Then there is Jerry Coyne, University of Chicago professor and president of the Society for the Study of Evolution. Here he is on the works of St. Augustine: “But you have better things to do with your time than read them. He may well have been an intellectual giant of his day, but his ideas are so outdated and even then, so deliberately tendentious, that they are like much of modern theology—so much sophisticated hot air.”
Just at the moment, Coyne’s big beef is about some chap who has been given a postdoc to work on the philosophy of religion. How could God know what will happen and yet grant us free will? A couple of philosophers pointed out against Coyne’s first rant on the subject that the actual existence of God is not the point of the exercise. It is rather about the nature of time and free will and much more. Coyne’s response: “The theory is NOT philosophically interesting in the absence of an omniscient being. If there isn’t one, as I presume both of these folks agree, then the project becomes an exercise in mental masturbation, musing about what something nonexistent would do if it existed.” Or how about the free will problem in its own right? “The more I read about philosophers’ attempts to redefine and save the notion of “free will” in the face of the neurological facts, the more I think that they’re muddying the waters.”

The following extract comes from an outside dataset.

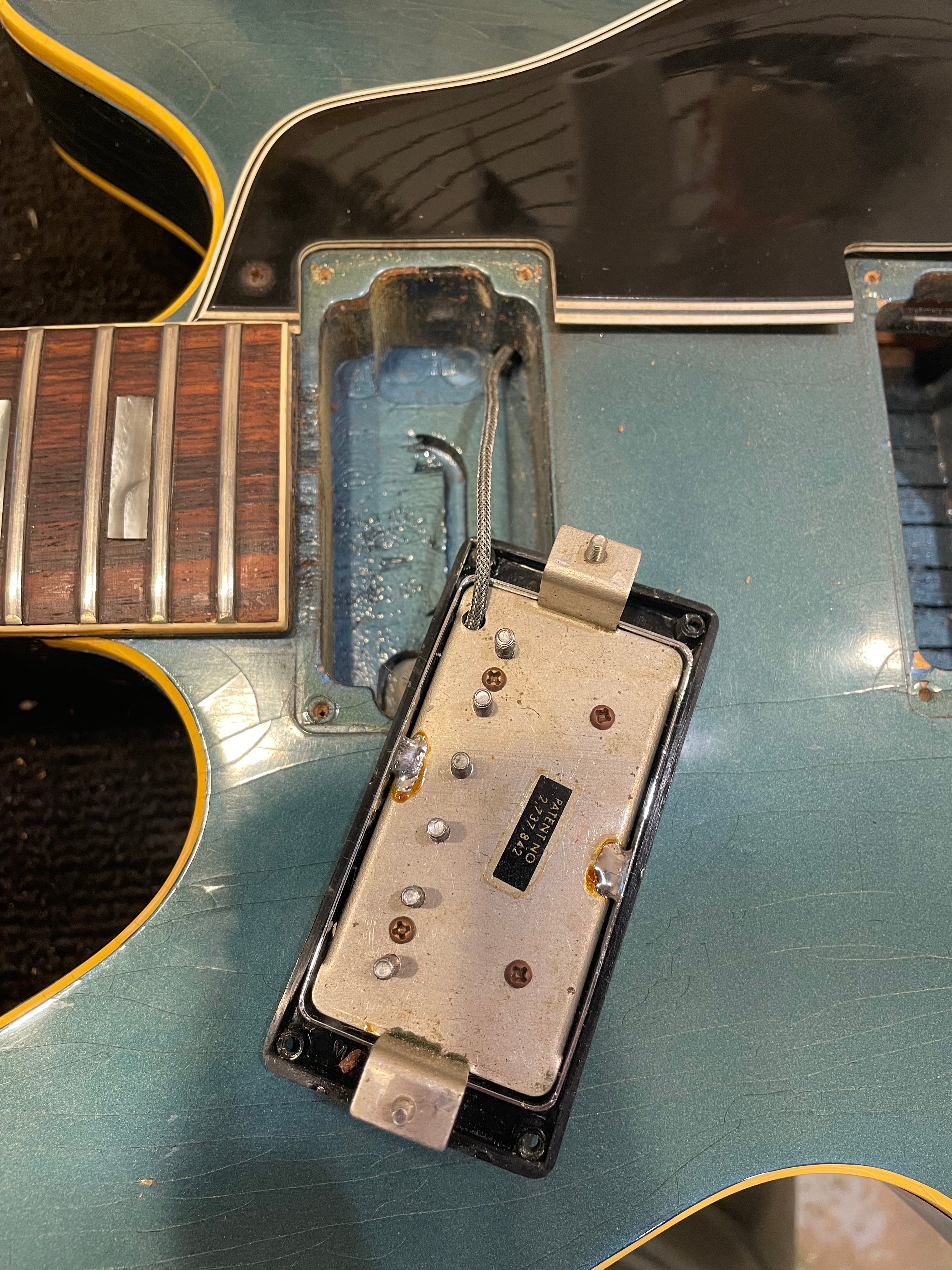 Gibson ES-335 Pelham Blue 1968 Electric Guitars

Most recently, we have Freeman Dyson in the NYRB telling us that philosophy just organized stories. He quotes Bertrand Russell at his silliest: “Philosophy is just organized piffle.” Dyson tells us that “this is a view of philosophy similar to mine.”
Let me say that I don’t mind scientists talking about philosophy. I am glad that they do. I just wish that they would do us the courtesy of taking seriously what we are trying to say. It is not a subject that can be done over a few drinks in the faculty club at the end of a hard day in the lab. The questions are important and they are tough. I think science has much to say to philosophy. I showed that in my recent discussion of the foundations of ethics. But it doesn’t have everything to say to philosophy and the questions science doesn’t tackle need tackling.
Take just one example in which I have been much involved, the teaching of evolution in state schools in the U.S. It needs knowledge of science. It needs knowledge of the law. It needs knowledge of theology. It also needs knowledge of philosophy. What is science and is evolutionary theory science? What is religion and is Creation Science religion? Do the two overlap? Is Intelligent Design Theory science or religion? Should parents have the right in a democracy to decide on curriculum content? And so the philosophical questions continue.
It is bad enough that so many American politicians are philistines when it comes to the humanities. Do scientists have to follow suit?